A Bullish Black Friday

Business 2008. 12. 3. 03:39

The current recession is unlike any other in the last couple of generations. Usually recessions happen because monetary policy gets tight or tax rates go up. Or, sometimes, like in the Great Depression, both of these plus rising trade barriers lead to a contraction in economic growth.

This time around, the recession is not due to tight monetary policy, higher tax rates or protectionism. It's due to a sudden and sharp plunge in the velocity of money--what we have been calling "risk aversion hysteria." This is where the speed with which money moves its way through the economy slows down as both consumers and businesses decide they want to increase their cash holdings.

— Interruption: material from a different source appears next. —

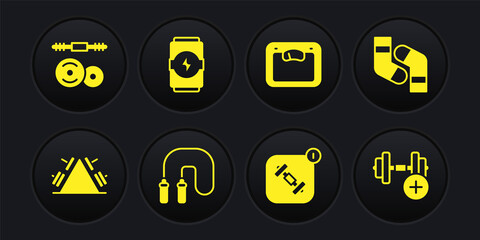 Set Metal rack with weight, Socks, Jump rope, Fitness app, Bathroom scales, Energy drink, Dumbbell and Barbell icon. Vector
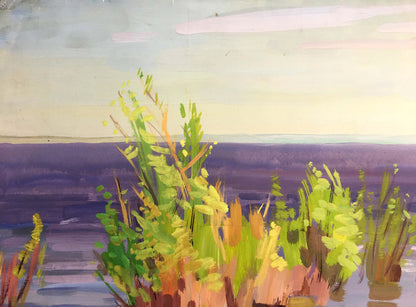 Gouache painting Calm coastal river Vladimir Chernikov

Idiotic mortgage loans started the financial fire and overly stringent mark-to-market accounting rules acted as an accelerant, forcing financial firms to write down the value of their assets even when underlying mortgage cash flows were likely to grossly exceed fire-sale prices for mortgage securities.

When it appeared that money in banks and money market funds was no longer safe, consumers decided they would rather have money under mattresses instead of in bank accounts. This panic caused a sharp decline in consumer spending. Retail sales (excluding autos) grew 6% during the year ended in June, but just 1% during the year ended in November. With auto sales included, retail sales fell 4.1% in the year ended in November.

But fresh data on what's been happening on Main Street the past few days suggest the plunge in velocity may be either coming to an earlier end than most analysts expected, or that velocity may even be accelerating.

The National Retail Federation (NRF) says the number of shoppers either in stores or accessing online retailers, from Black Friday through Sunday, was up 17% versus last year and that the average amount spent was up 7.2%. According to the NRF, shoppers were busy buying clothes and electronics. Meanwhile, ShopperTrak, which monitors sales at shopping centers and malls around the country, says Black Friday sales were up 3% versus last year.

Obviously, these figures should be greeted with caution. The NRF numbers are based on a poll of consumers, not actual sales volumes, and the ShopperTrak data is for Black Friday only. It is plausible that, with relatively few shopping days this year between Thanksgiving and Christmas, consumers are buying more on a per day basis but will not buy more during the holiday season as a whole.